The Grand Chamber ruled in favour of Perinçek on 15 October 2015. In a statement issued by Armenia's counsel, Geoffrey Robertson and Amal Clooney said they were pleased the Court had endorsed their argument on behalf of Armenia. The judgment did not dispute the fact of the Armenian genocide and recognised Armenians' right under European law to have their dignity respected and protected, including the recognition of a communal identity forged through suffering following the annihilation of more than half their race by the Ottoman Turks.
The Grand Chamber also made clear that the court was not required to determine whether the massacres and mass deportations suffered by the Armenian people at the hands of the Ottoman Empire from 1915 onwards can be characterised as genocide within the meaning of that term under international law. It also added that it has no authority to make legally binding pronouncements, one way or the other, on this point. Furthermore, 7 judges, including then-President of the European Court of Human Rights Dean Spielmann stated in their dissenting opinion that it is self-evident that the massacres and deportations suffered by the Armenian people constituted genocide and that the Armenian genocide is a clearly established historical fact.
In Turkey, on 21 March 2008, Perinçek was detained as part of an investigation into the organization named Ergenekon. This followed the arrest and detention of 39 suspects in January 2008 during raids targeting Ergenekon.

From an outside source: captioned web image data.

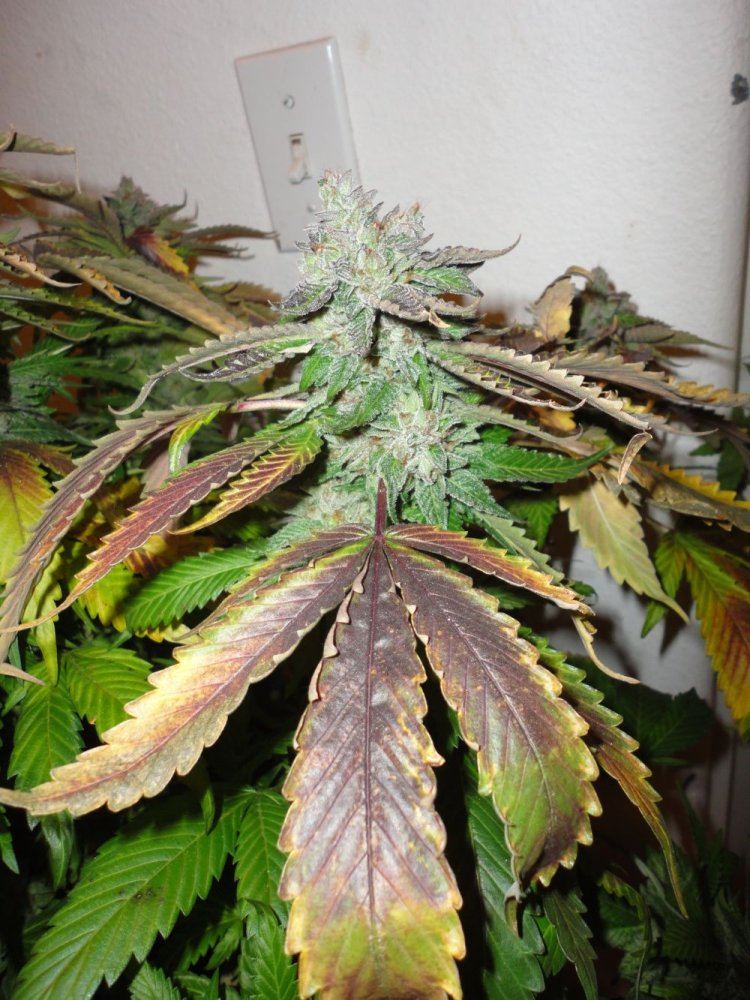 Bub6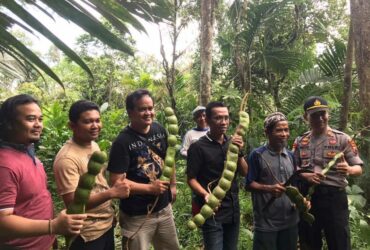 Petai Raksasa : Fenomena Langka yang Membuatmu Terkagum-Kagum
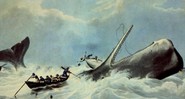 Ilustração na capa do livro Moby Dick, de Herman Melville - The Authoritative Edition/ Reprodução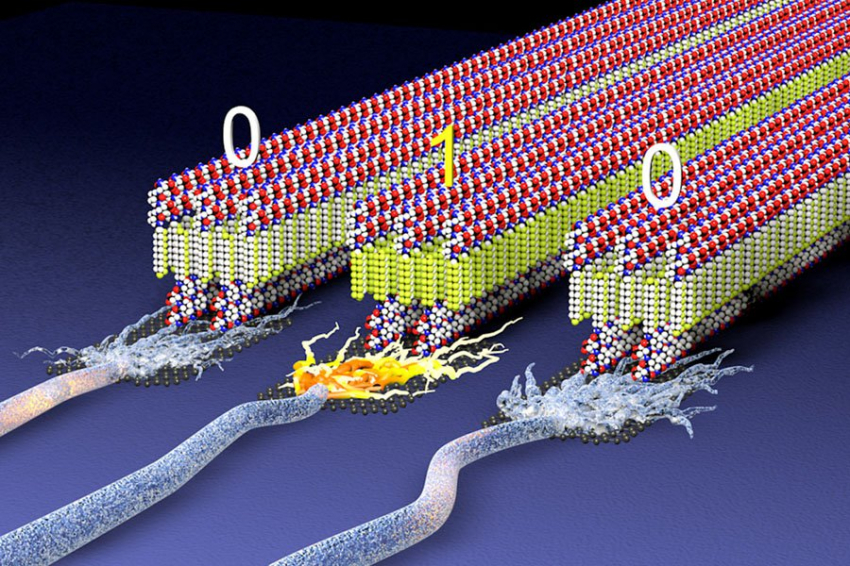 «Электрический пластик» улучшает имплантаты и носимые технологии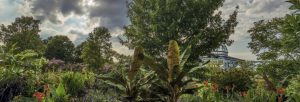 Perennial gardens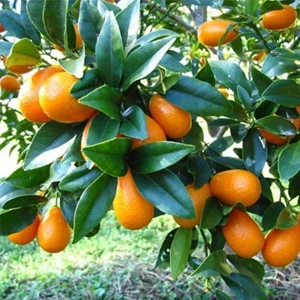 Bibit Tumbuhan Jeruk Kumquat Nagami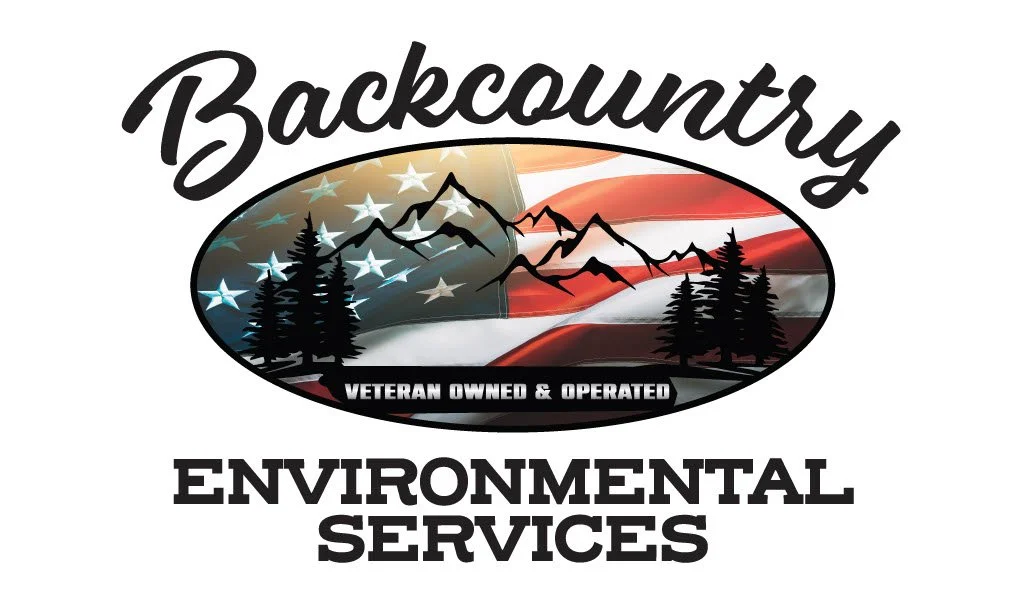 Backcountry logo.jpg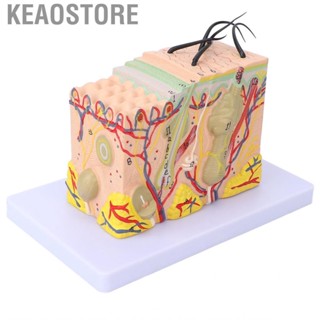 Keaostore 35X Enlarged Anatomical Skin Model 3 Dimensional Teaching Aids JFF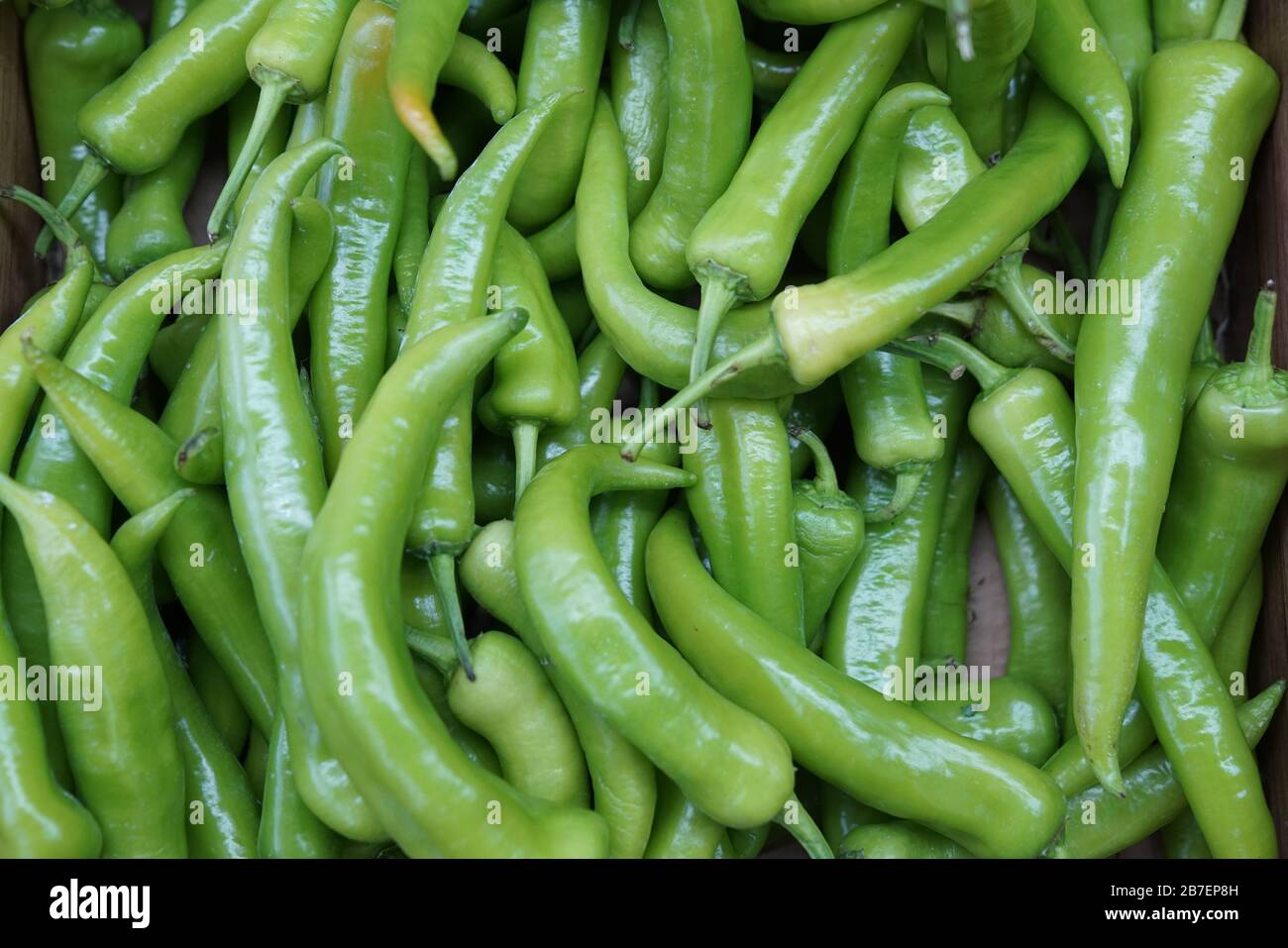 Obst und Gemüse auf biologischem Jahrmarkt-Foto Stockfoto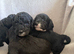 Beautiful cockapoo  Puppies 2 boys available
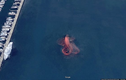 Bóc trần sự thật về ảnh thủy quái khổng lồ do Google Maps ghi lại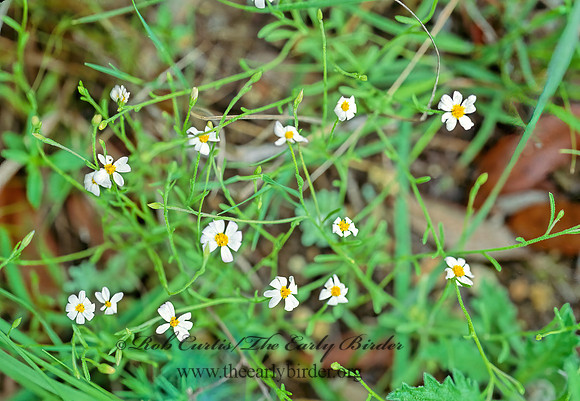 Chaetopappa asteroides~  TINY LAZY DAISY 85829z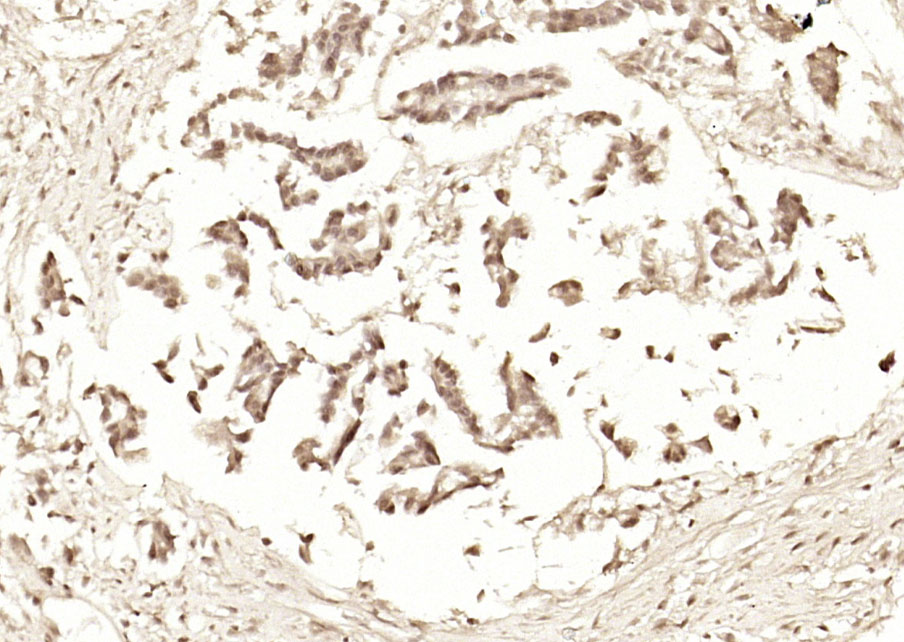 14 - C9orf86 Rabbit pAb AP59288
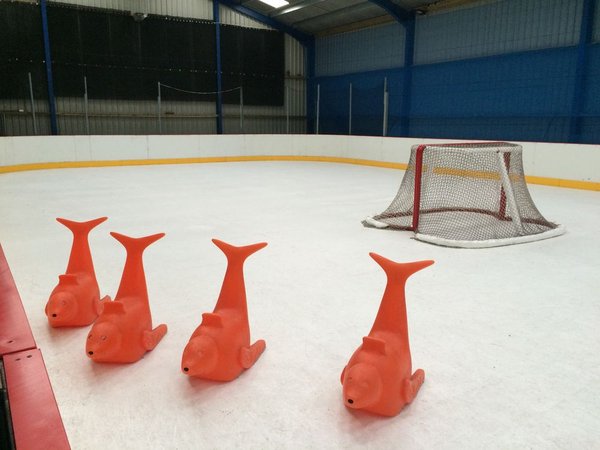 EZ GLIDE 350 Synthetic Ice Rink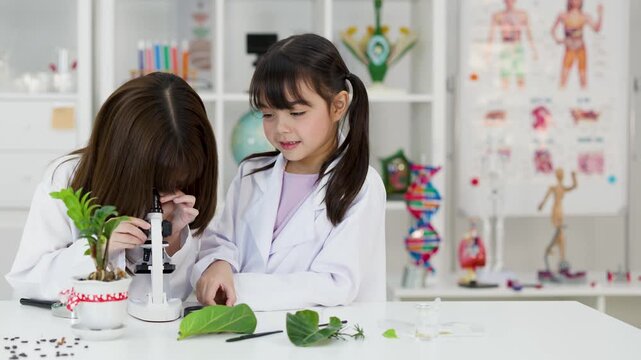 Asian Schoolgirls in Lab Coats Using Microscope for Biology Experiment
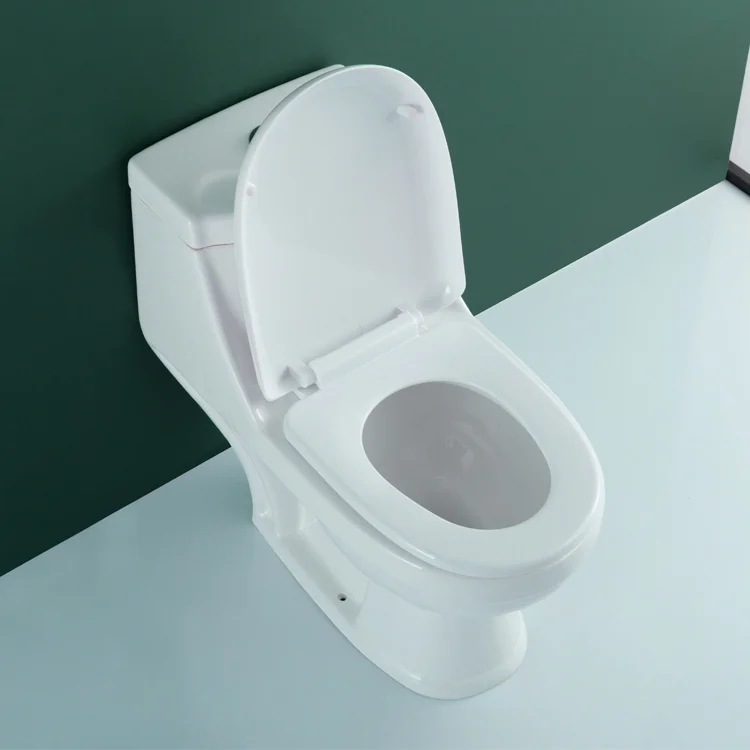 WDSI Toilette Simple Advanced Mobile Toilet Wc Piss Toilet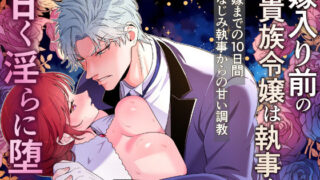 d 487467pl 320x180 - 嫁入り前の貴族令嬢は執事と甘く淫らに堕つ〜花嫁になるまでの10日間幼馴染執事からの甘い調教〜【にゃんこたつ】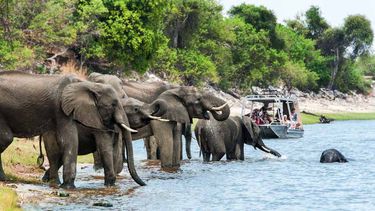 AmaWaterways Safaris and Wildlife Cruises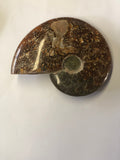 Ammonite Polished - Large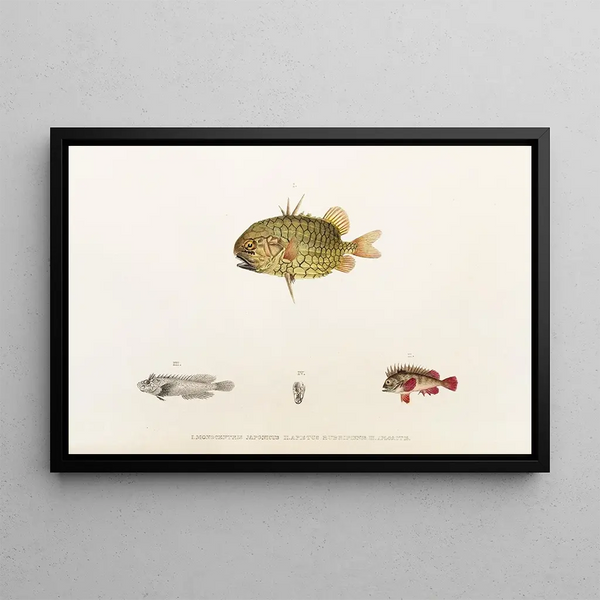Fauna japonica Pl033 - Philipp Franz Balthasar von Siebold — quadro incorniciato alla parete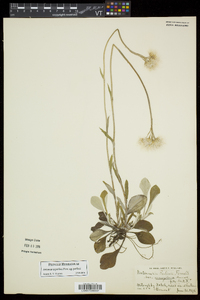 Antennaria parlinii subsp. parlinii image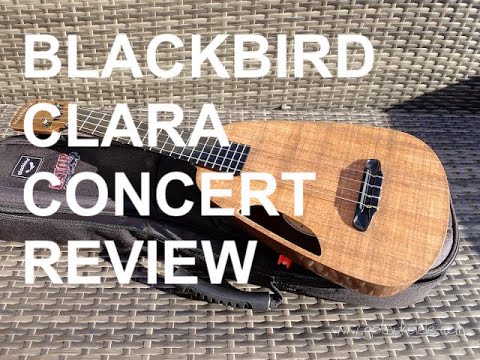 Got A Ukulele Reviews - Blackbird Clara Ekoa Concert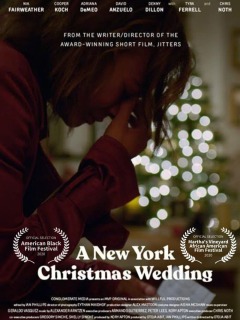 ნიუ იორკის საშობაო ქორწილი / A New York Christmas Wedding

The investigation's indictment also contains similar allegations, made by the National Intelligence Organization. Upon receiving news of Perinçek's arrest, Russian Eurasianist ideologue Aleksandr Dugin said "this operation against a pro-Russian group in Turkey has shown who our friends and foes are". This prompted allegations that he was affiliated with the group, which he adamantly denied. On 5 August 2013 Perinçek was sentenced to aggravated life imprisonment. On 10 March 2014, Doğu Perinçek was released from prison together with many other prisoners. After his release from prison Perinçek aligned himself with ruling Justice and Developmant Party and Recep Tayyip Erdogan.